How Can Startups Beat Inflation? Here are 3 Strategies To Do So

We recently wrote how inflation has risen to 9.1% and both consumers and businesses are feeling the pain. What about startups, as they are usually cash strapped and inflation does not really help. Before we share 3 strategies that startups can tackle inflation, it should be stated that startups are a core driver for the economy, in fact, small businesses and the startups are responsible for creating 1.5 million new jobs each year in the U.S. 

We have also shared a list of reasons, why startups fail and top reasons include: lack of product/market fit and running out of cash. So, here are 3 business strategies on how to manage finances, when inflation keeps on rising, impacting cost of capital.

Watch your Finances (Burn rate, Runway/Run rate and Fume dates):

Startups are usually focused on hyper growth and as such its all about top-line. This is great when cost of capital is low, implying cash can be raised at favorable terms. But during times of capital tightening, having a high burn rate and running out of runway, will lead to business either shutting down or worse, losing quality and value.

To mitigate this, founders should watch and manage finances, based on market dynamics. A good to have feature should be down prioritized for a great to have a feature. Operating costs and margins become equally important as top line (Sales growth), so hire only when absolutely necessary and only for key roles. 

Implement the Right Pricing Strategy:

First off premium pricing and commodity pricing have different impacts. Most startups tend to price based on their competition or larger competitors. According to a recent NFIB survey, 31% of small business owners are taking on debt instead of raising prices or making changes.

Taking on more debt, when cost of capital is high (due to high interest rates), is the wrong thing to do. Startups can and should re-evaluate their pricing model vs taking on more debt. One way to do this is to offer bundle pricing, that is value driven. This will also allow for higher penetration and stickiness of the products/services. 

Alternatively, if the incumbents are raising prices, there is no harm in raising prices, if the competitive differentiator was not price to begin with. This is also a driving factor in understanding the operating margins. If a startup can continue to stay profitable operationally, then price hike may not be needed, albeit it depends on time horizons being considered, as cost of materials may keep increasing.

Circumvent Cost of Materials:

If a startup is dependent on external suppliers for raw materials to manage price and operating margins, then is becomes very prudent to re-evaluate terms and conditions (T&C). Startups should not be shy to call vendors and re-negotiate the T&C's of the contract. They should also start shopping around for alternatives if the existing T&C's do not favor the market conditions.

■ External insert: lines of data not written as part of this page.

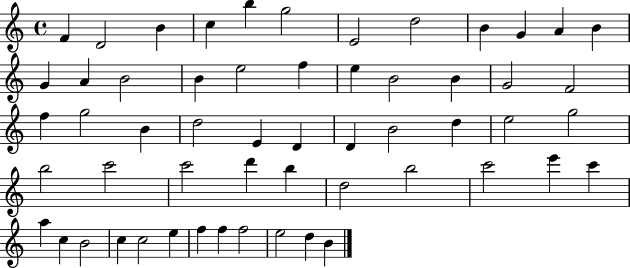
X:1
T:Untitled
M:4/4
L:1/4
K:C
F D2 B c b g2 E2 d2 B G A B G A B2 B e2 f e B2 B G2 F2 f g2 B d2 E D D B2 d e2 g2 b2 c'2 c'2 d' b d2 b2 c'2 e' c' a c B2 c c2 e f f f2 e2 d B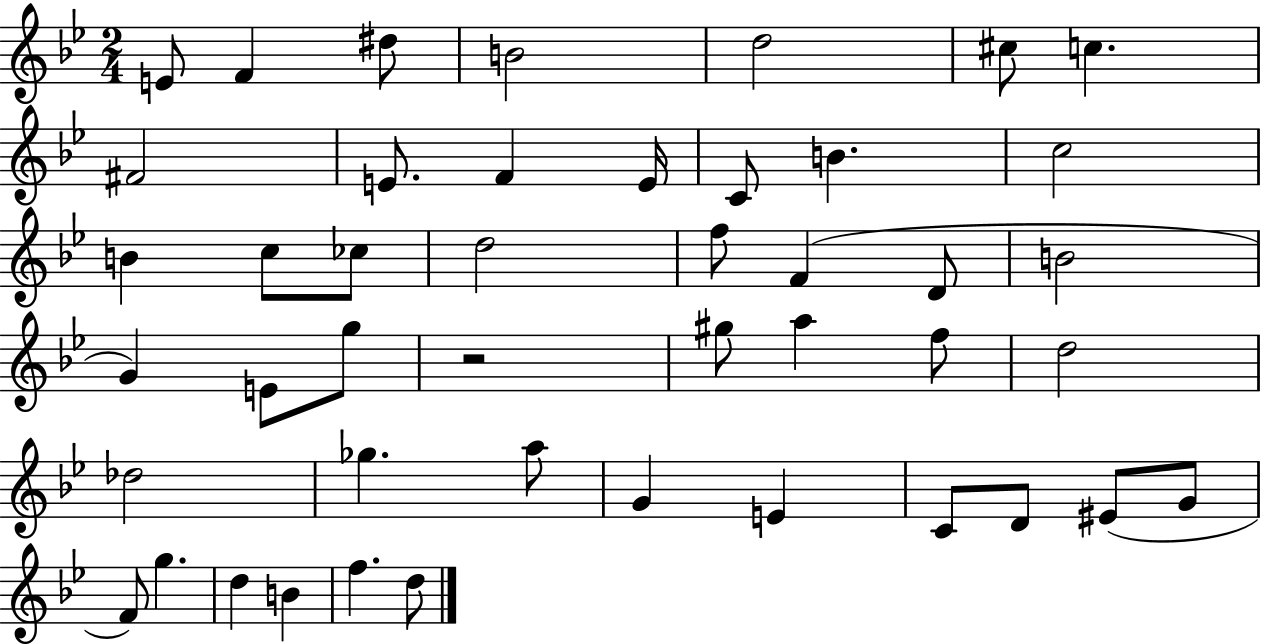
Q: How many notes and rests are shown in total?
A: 45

Additionally, look to sign longer term contracts, that would freeze the cost of materials or can be managed based on market dynamics. Another option to become a self sustaining organization i.e vertically integrated business (like Zara). This is not an easy task, especially based on the industry, segment dynamics and if the industry is highly regulated. Key is to ensure that cost of materials does not become a factor that burns cash for the startup, faster than its account receivables.

Whilst there are other factors to be considered, these three strategies should enables startups to stay afloat when market head winds are strong than the tail winds.